Application 17/099,762 is a continuation of application No. 15/359,122, filed on Nov. 22, 2016, granted, now 10,839,302, issued on Nov. 17, 2020.
Claims priority of provisional application 62/259,911, filed on Nov. 25, 2015.
Claims priority of provisional application 62/259,563, filed on Nov. 24, 2015.
Prior Publication US 2021/0150399 A1, May 20, 2021
Int. Cl. G06N 7/01 (2023.01); G05B 13/02 (2006.01); G05B 15/02 (2006.01); G06N 20/00 (2019.01)

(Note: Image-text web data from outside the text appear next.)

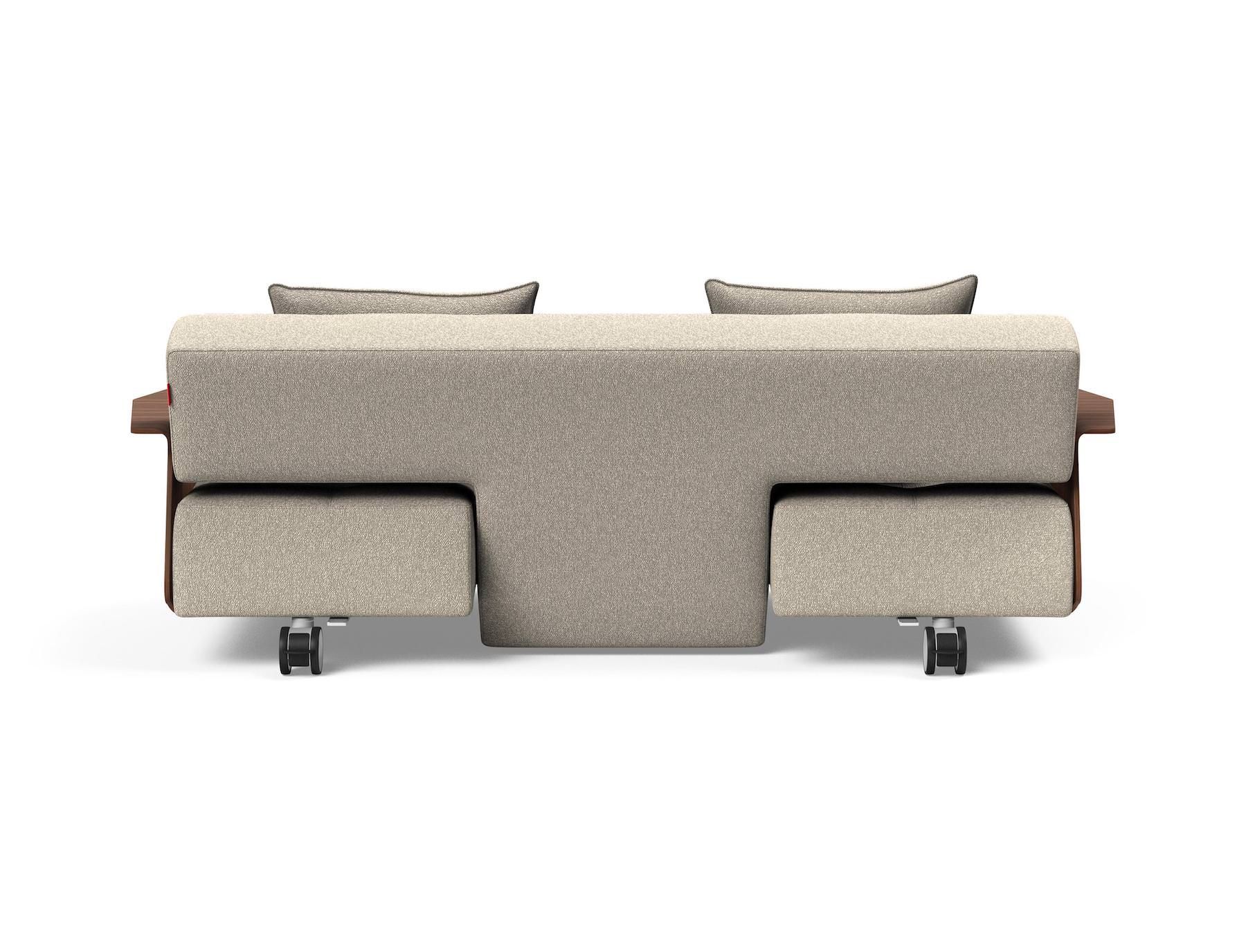 Divano letto matrimoniale con braccioli Longhorn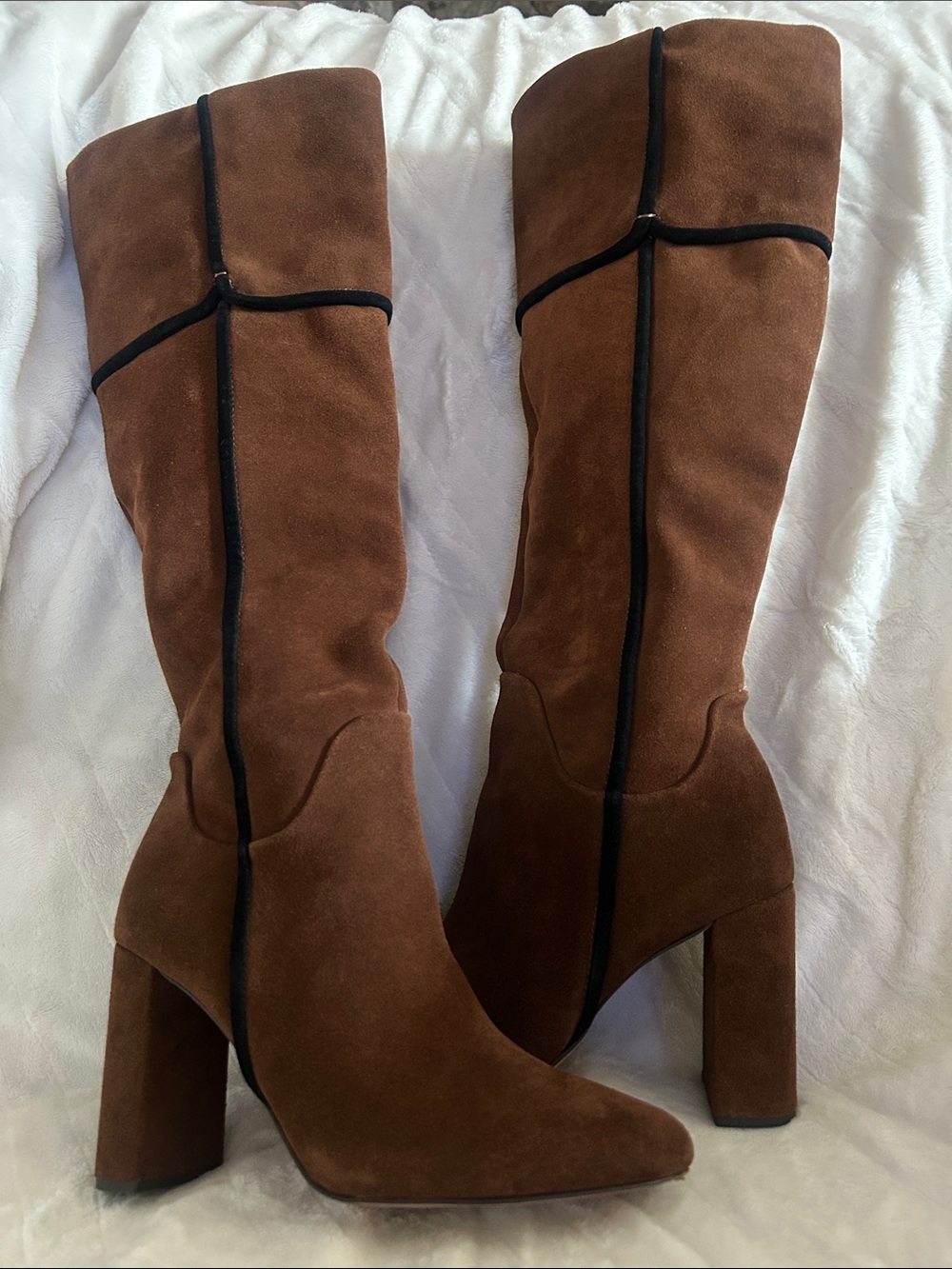 AD & DAUGHTERS SMOOTH SOFTsuede BOOT BROWN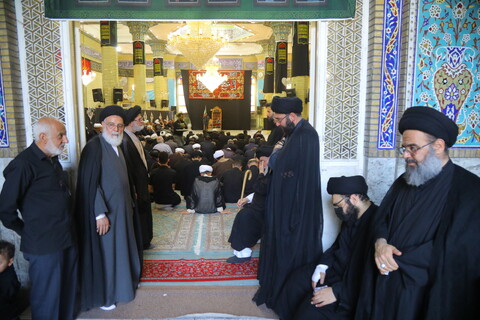 تصاویر / مراسم اربعین نوه آیت الله هاشمی شاهرودی(ره)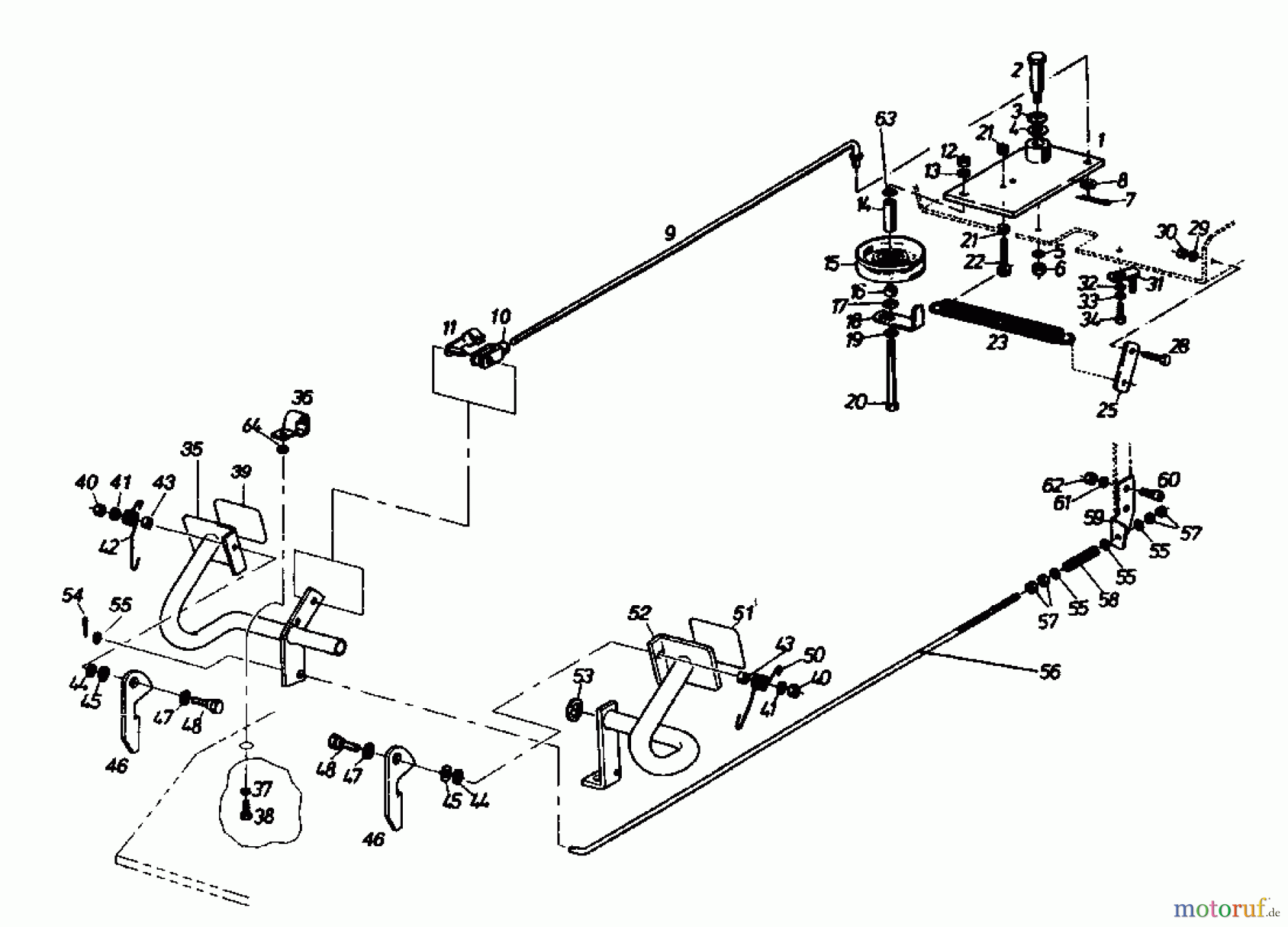 Gutbrod Rasentraktoren Sprint 1002 E 02840.08 (1994) Pedale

CPC G06N 7/01 (2023.01) [G05B 13/0265 (2013.01); G05B 15/02 (2013.01); G06N 20/00 (2019.01); Y02B 10/30 (2013.01)] 20 Claims
OG exemplary drawing
 
1. A method for controlling a system, comprising:
estimating an optimal control policy for the system;
receiving data representing sequential states and associated trajectories of the system, comprising off-policy states and associated off-policy trajectories;
improving the estimate of the optimal control policy by performing at least one approximate value iteration, each approximate value iteration comprising:
estimating an expected value of operation of the system dependent on the estimated optimal control policy;
using a complex return of the received data, biased by the off-policy states, to determine a bound dependent on at least the off-policy trajectories;
using the determined bound to improve the estimate of the expected value of operation of the system; and
updating the estimate of the optimal control policy, dependent on the improved estimate of the expected value of operation of the system using the determined bound; and
employing the updated estimate of the optimal control policy to control the system with an automated controller, wherein the automated controller is configured to automatically alter at least one of the system, and an environment in which the system operates.